Another critical factor is the prior for the regression coefficients $\beta$. In this model, a normal distribution with a standard deviation $s$ is used: $\beta \sim N(0, s)$. $s$ effectively regularizes the magnitudes of $\beta$. Large $s$ leads to inconsistent and divergent MCMC sampling results. As shown in Figure 7, where the distributions of predicted $y$ with $s=1$ and $s=5$ and actual values are compared. With $s=5$, the range of the predicted $y$ is extremely large and unrealistic. The MCMC sampling does not converge with $s=5$. Therefore, it is helpful to use prior predictive checks to choose the priors such that the predicted values are reasonable.

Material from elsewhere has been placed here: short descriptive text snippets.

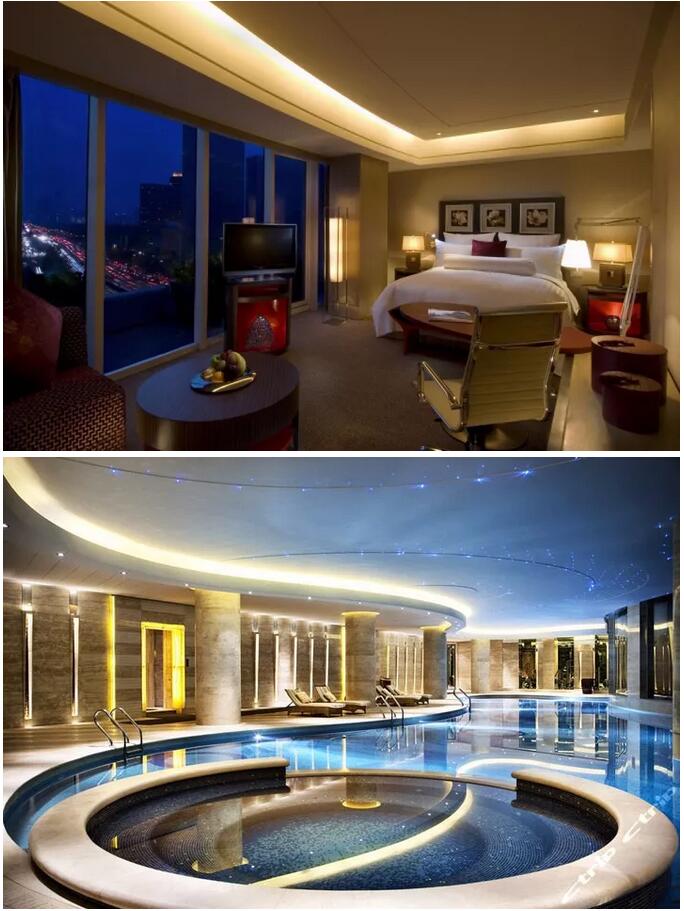 Hello，，，，Hilton！希尔顿旅馆入驻泸州金融商业中心【尊龙集团世纪城】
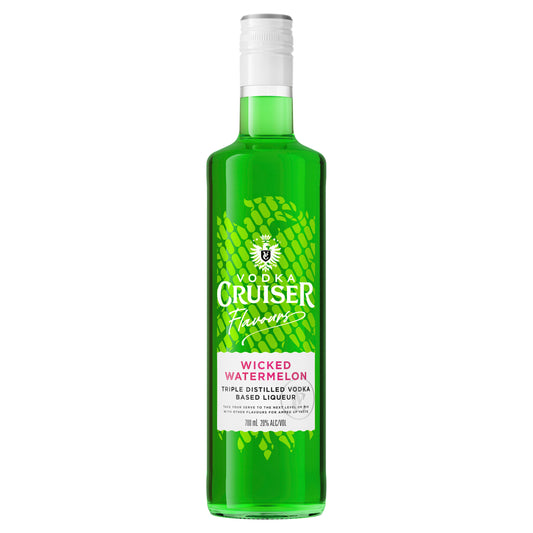 Vodka Cruiser Flavours Wicked Watermelon 700ml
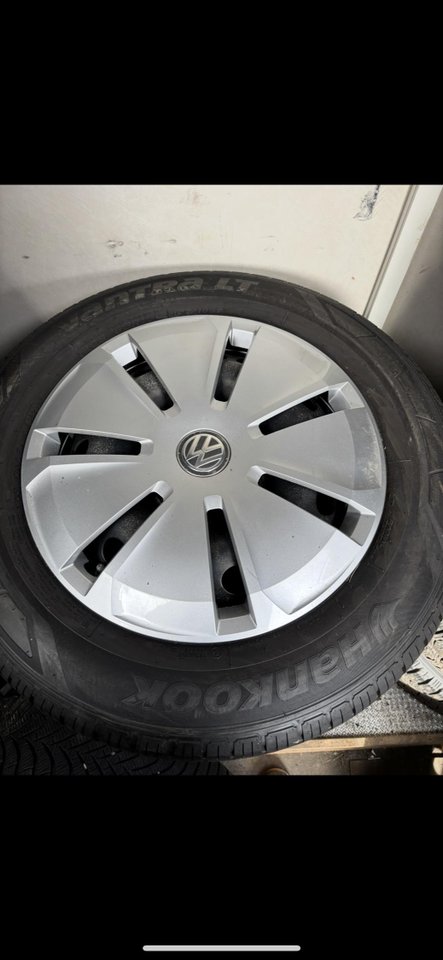 Kompletta s-hjul Hankook 205/...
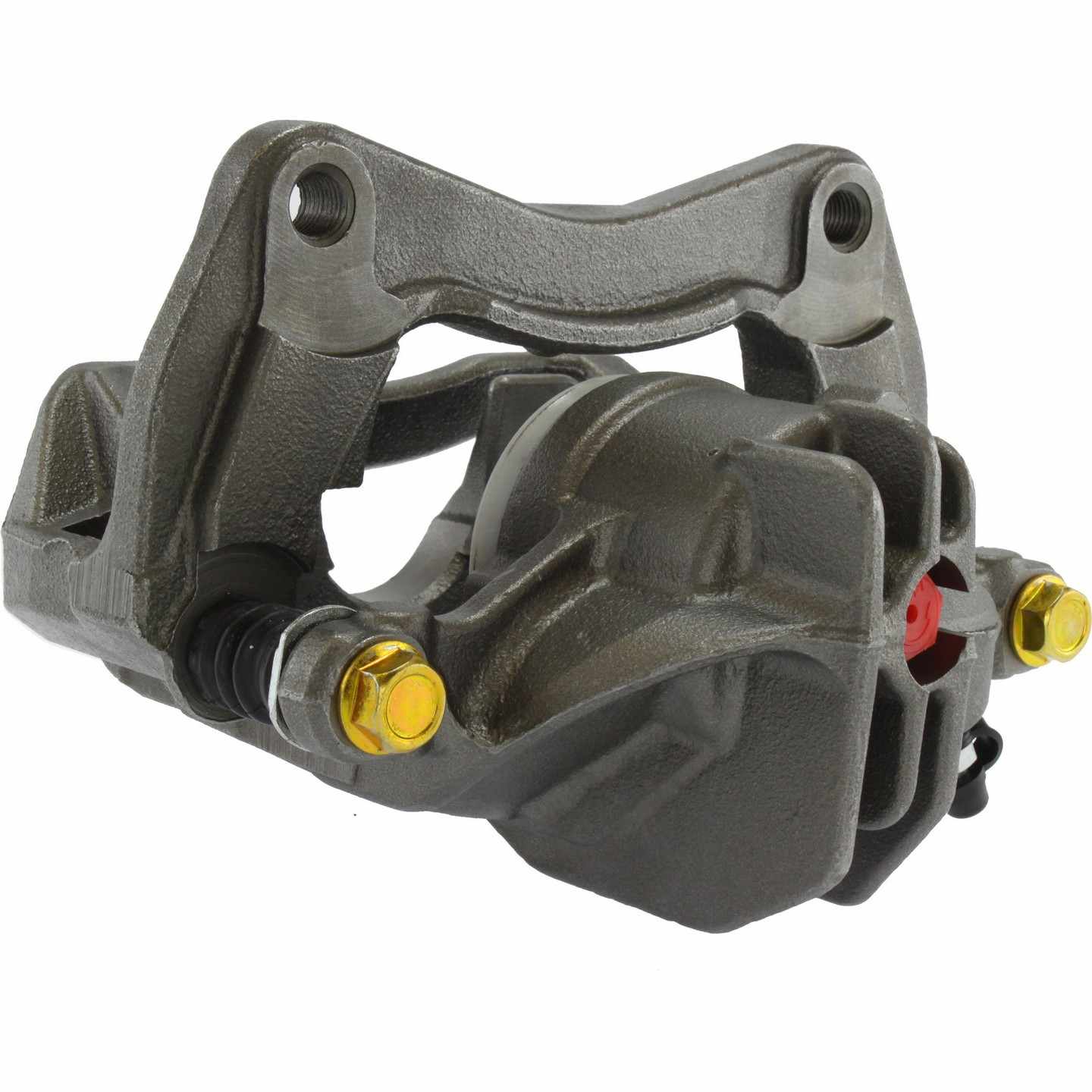 Centric Parts Disc Brake Caliper Semi-Loaded with anti-corrosion finish for 2000-2012 Volvo S40 V40 141.39012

Figure 8. CDFs of predicted y sampled from the priors with s=1 and s=5, compared with the actual y.

The PyMC model in this note is developed for linear regressions. The next step is to create a model for nonlinear regressions using the formulation of scipy.odr and ODRPACK (ODRPACK User’s Guide). The equation relates the predicted and predictors

\[y_i-\delta_i = f(x_i - \epsilon_i\vert\beta),\]

where $f(x\vert\beta)$ is a nonlinear function of $x$ with model parameters $\beta$. The errors of the predicted, $y$, and the predictor, $x$, are $\delta_i$ and $\epsilon_i$, respectively. This formulation is more general than the geometrical approach for linear regression. A different approach is likely needed.